Bug #21780
openChange the default size of Enumerator.produce back to infinity
Added by zverok (Victor Shepelev) 2 days ago. Updated about 1 hour ago.
Description
In #21701 a new argument size: was introduced, and its default value is nil (unknown).
While I support the new argument, I'd argue that the default should be Float::INFINITY.
Reasoning: By design, Enumerator.produce is infinite (there is no internal condition to stop iteration), and the simplest, most straightforward usages of the method would produce definitely infinite iterators, which the user than can limit with take, or take_while or similar methods.
To produce the enumerator that will stop by itself requires explicit raising of StopIteration, which I expect to be a (slightly) advanced technique, and those who use it might be more inclined to provide additional arguments to clarify the semantics.
While Enumerator#size is hardly frequently used now (other than in #to_set, which started the discussion), it might be in the future, and I believe it is better to stick with more user-friendly defaults.
Now:
# very trivial enumerator, but if you want it to have "proper" size, you need
# to not forget to use an elaborate argument and type additional 21 characters
Enumerator.produce(1, size: Float::INFINITY, &:succ)
# already non-trivial enumerator, which is hardly frequently used, but the
# current defaults correspond to its semantics:
Enumerator.produce(Date.today) {
raise StopIteration if it.tuesday? && it.day.odd?
it + 1
}
With my proposal:
# trivial, most widespread case:
Enumerator.produce(1, &:succ).size #=> Infinity
# non-trivial case, with the enumerator designer clarifying their
# intention that "we are sure it stops somewhere":
Enumerator.produce(Date.today, size: nil) {
raise StopIteration if it.tuesday? && it.day.odd?
it + 1
}
Updated by Eregon (Benoit Daloze) 2 days ago
· Edited
Actions
#1
[ruby-core:124194]
I disagree on this one, as written on https://bugs.ruby-lang.org/issues/21701#note-3
I think Enumerator#size should only be non-nil when it is known to be the exact size.

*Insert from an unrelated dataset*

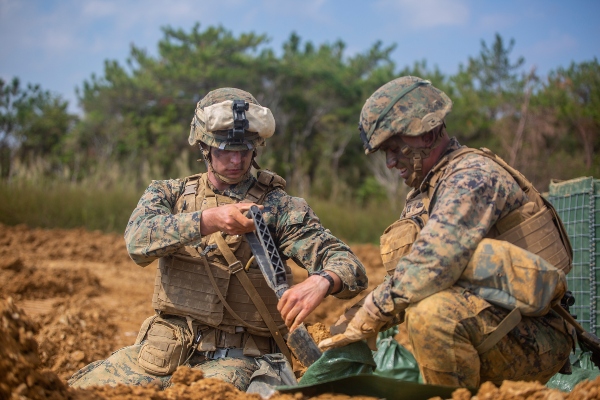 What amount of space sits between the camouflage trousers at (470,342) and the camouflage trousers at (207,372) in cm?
94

In this case it is not known if it is infinite, so returning Float::INFINITY for the size is "wrong".
One use case I know of for Enumerator#size is to do a progress bar while iterating the Enumerator.
That can only work reliably if the non-nil size is the exact size.
Returning Float::INFINITY when it is not would be misleading, though of course returning nil won't give the actual size, which might simply be not known.
BTW, your examples use Enumerator.new but the text seems to be about Enumerator.produce.
I think either way it applies to both the same way though.
Updated by Eregon (Benoit Daloze) 2 days ago
Actions
#2
[ruby-core:124195]
Actually for Enumerator.new, it's trivial to not be infinite and does not even need StopIteration, e.g.:
Enumerator.new { |y| y << 1 }.count # => 1
So I guess you meant to use Enumerator.produce instead in your examples above.
Updated by zverok (Victor Shepelev) 2 days ago
· Edited
Actions
#3
[ruby-core:124196]
- Description updated (diff)
I think
Enumerator#sizeshould only be non-nil when it is known to be the exact size.
In this case it is not know if it is infinite, so returningFloat::INFINITYfor the size is "wrong".
I would argue that it is known to be infinite: that's how produce works: loops infinitely, unless explicitly stopped by an exception, there is no other way than an exceptional one (while this might seem to be a dumb pun, I actually think that we have a useful distinction here).
So I would argue that the default expectation of the user to "not think about it and trust Ruby to do the sane thing", and the sane thing is "produce is infinite unless you raise that specific exception" (even break wouldn't work... which is kinda unpleasant, but a discussion for another time).
In a rare situation when they'd question the behavior, there is a clearly documented way to adjust it.
BTW, your examples use
Enumerator.newbut the text seems to be aboutEnumerator.produce.
Yes, thank you, fixed. The title said what I meant but the code was broken, sorry.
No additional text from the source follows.